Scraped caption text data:
# # #

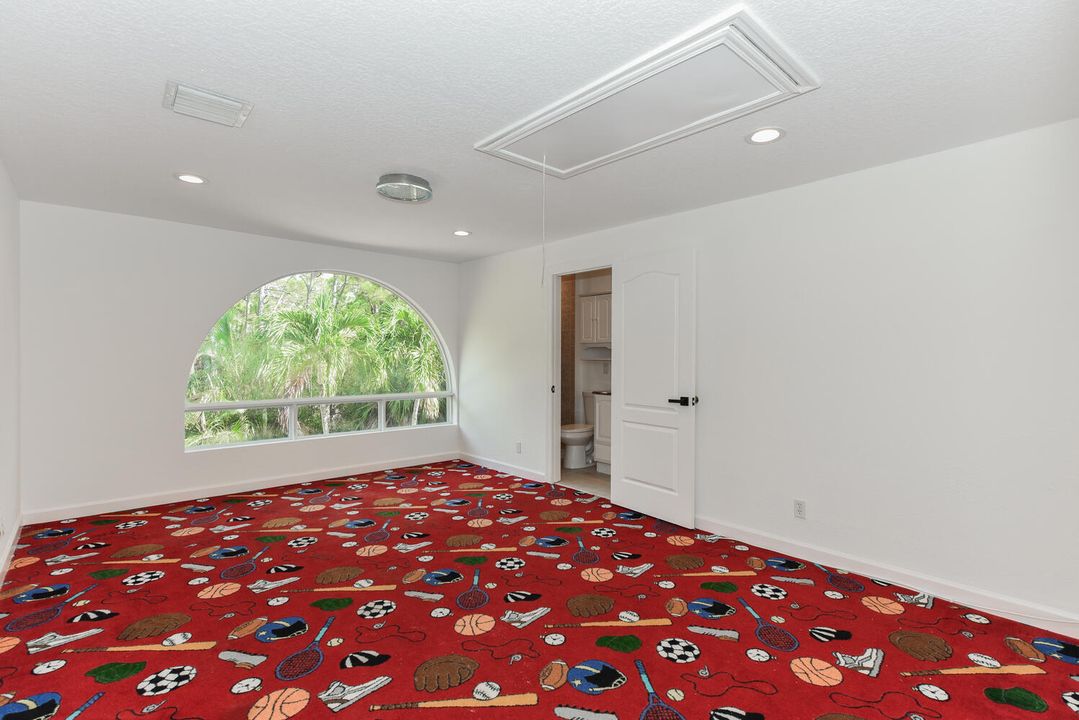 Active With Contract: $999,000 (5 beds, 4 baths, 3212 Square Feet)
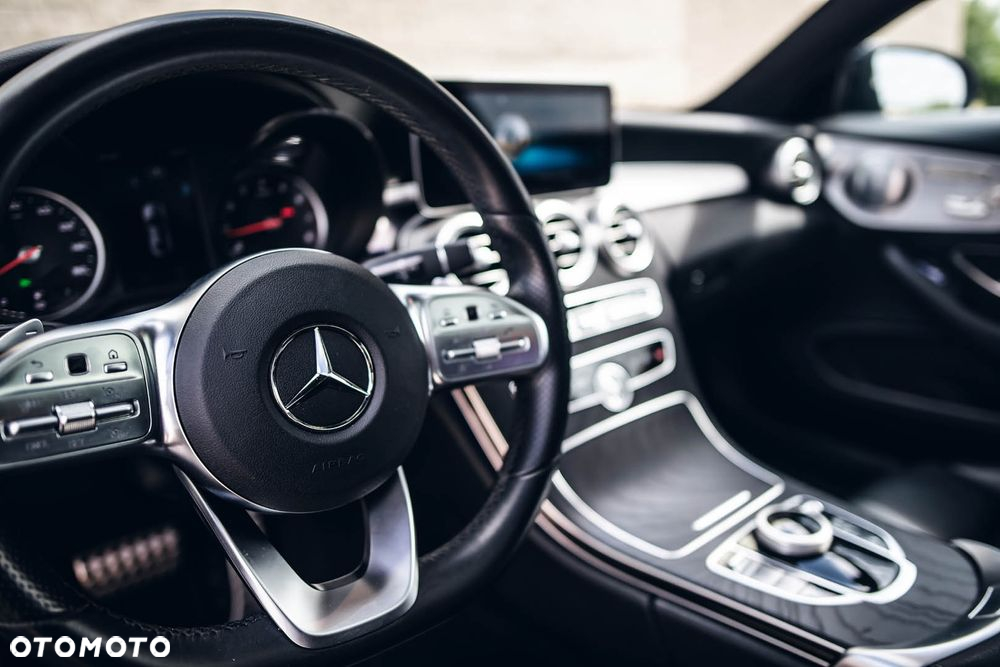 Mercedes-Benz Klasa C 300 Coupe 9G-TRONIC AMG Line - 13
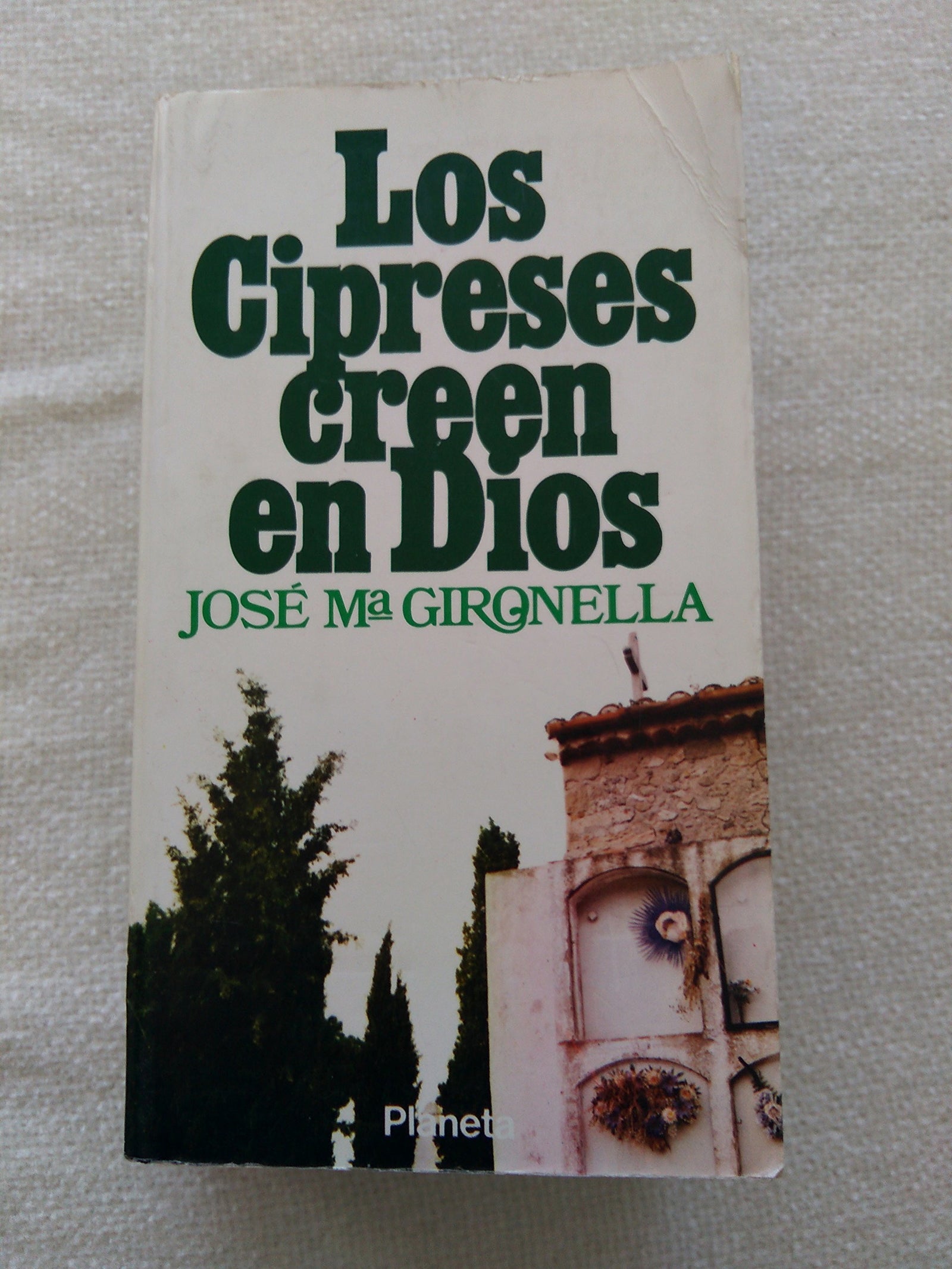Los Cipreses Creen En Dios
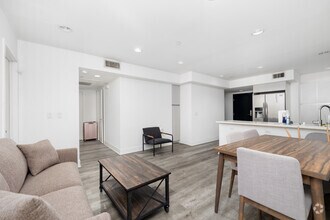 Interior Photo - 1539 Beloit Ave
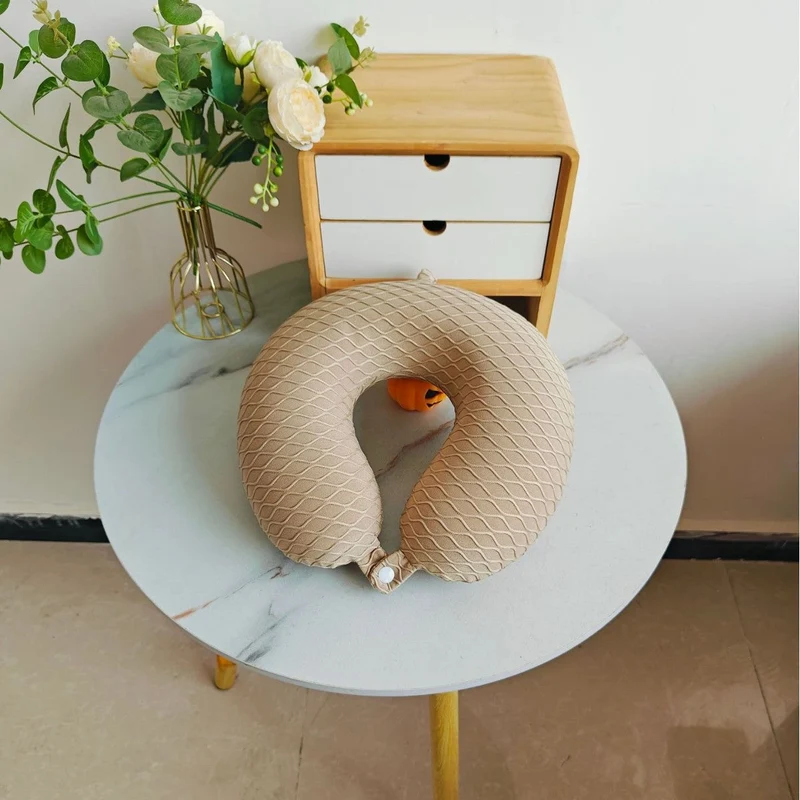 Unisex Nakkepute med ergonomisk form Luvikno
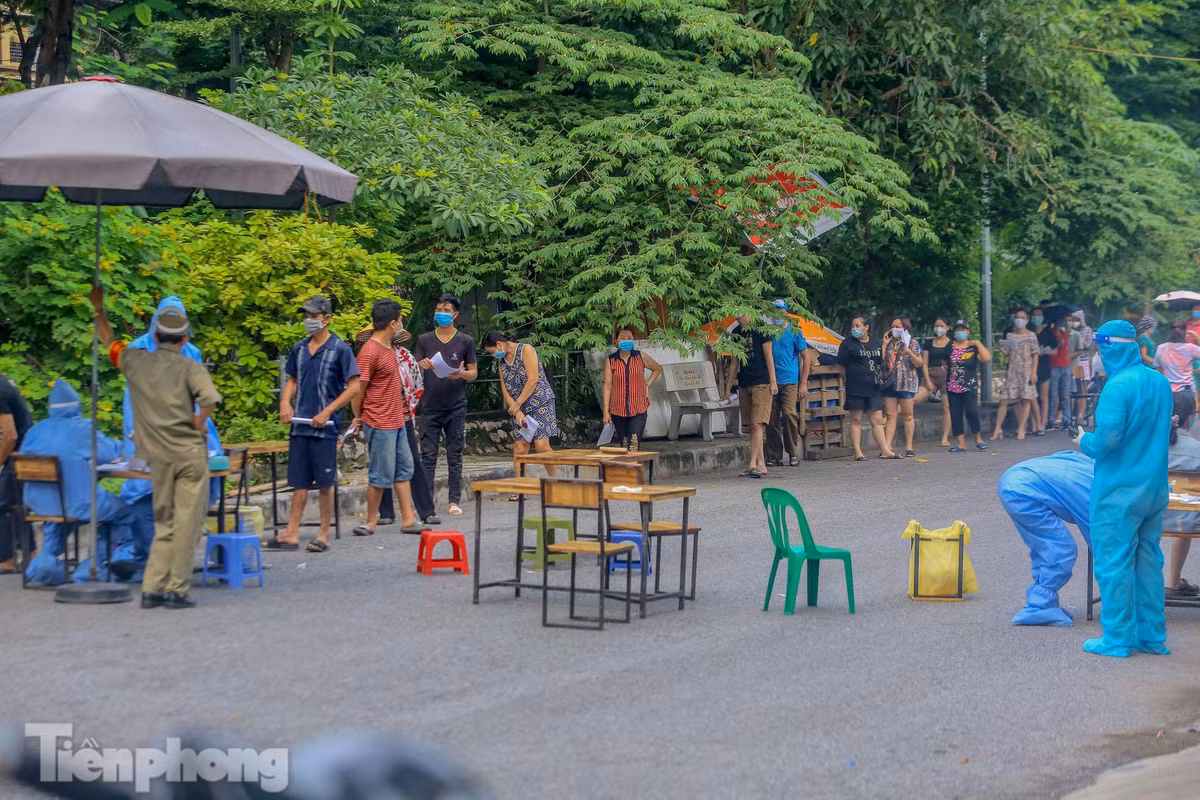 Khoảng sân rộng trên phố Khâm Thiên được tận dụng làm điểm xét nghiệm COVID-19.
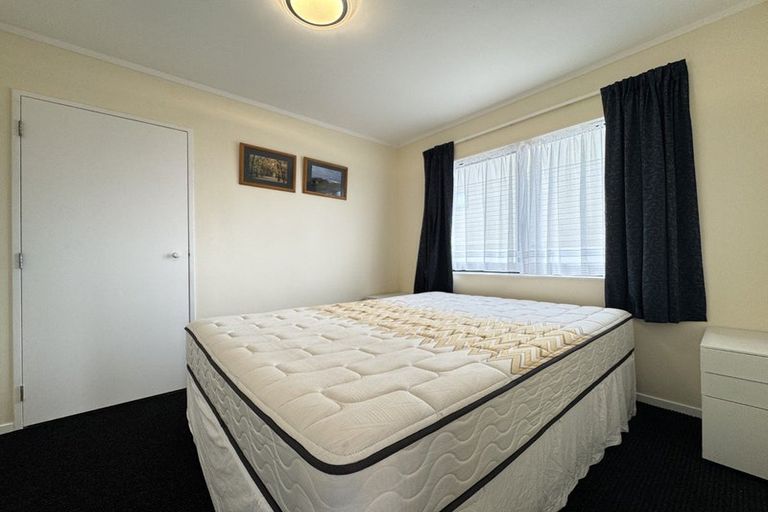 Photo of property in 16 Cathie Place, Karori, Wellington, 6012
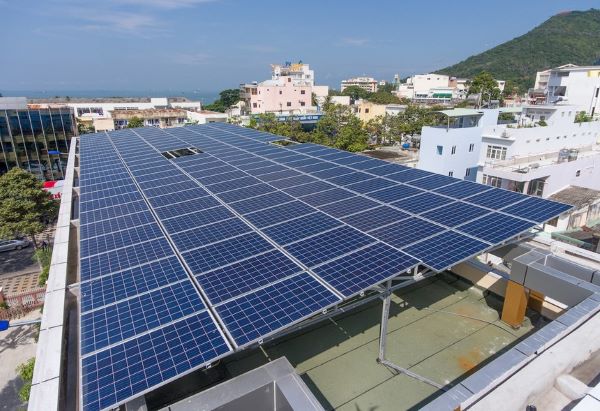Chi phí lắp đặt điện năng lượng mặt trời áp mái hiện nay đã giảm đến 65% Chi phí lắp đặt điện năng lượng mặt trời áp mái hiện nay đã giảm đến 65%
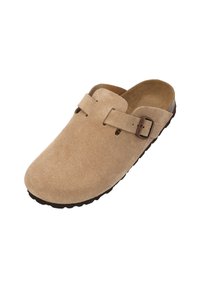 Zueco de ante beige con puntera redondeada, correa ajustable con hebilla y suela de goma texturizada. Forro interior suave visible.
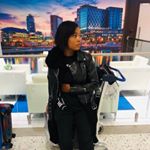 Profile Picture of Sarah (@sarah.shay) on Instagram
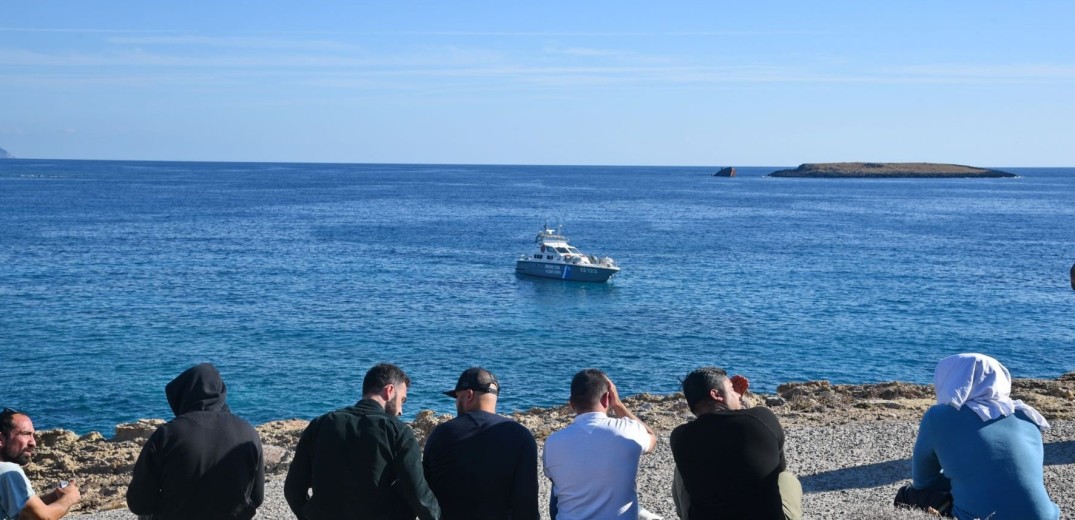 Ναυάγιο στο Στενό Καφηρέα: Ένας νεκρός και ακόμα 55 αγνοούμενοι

# # #

__Task statement__. Write out the data exactly, and exclude every picture it holds.

__Exercise answer__.
 Active With Contract: $999,000 (5 beds, 4 baths, 3212 Square Feet)
 Mercedes-Benz Klasa C 300 Coupe 9G-TRONIC AMG Line - 13
Los Cipreses Creen En Dios
 Interior Photo - 1539 Beloit Ave
 Unisex Nakkepute med ergonomisk form Luvikno
 Khoảng sân rộng trên phố Khâm Thiên được tận dụng làm điểm xét nghiệm COVID-19.
 Photo of property in 16 Cathie Place, Karori, Wellington, 6012
Chi phí lắp đặt điện năng lượng mặt trời áp mái hiện nay đã giảm đến 65% Chi phí lắp đặt điện năng lượng mặt trời áp mái hiện nay đã giảm đến 65%
 Zueco de ante beige con puntera redondeada, correa ajustable con hebilla y suela de goma texturizada. Forro interior suave visible.
 Profile Picture of Sarah (@sarah.shay) on Instagram
 Ναυάγιο στο Στενό Καφηρέα: Ένας νεκρός και ακόμα 55 αγνοούμενοι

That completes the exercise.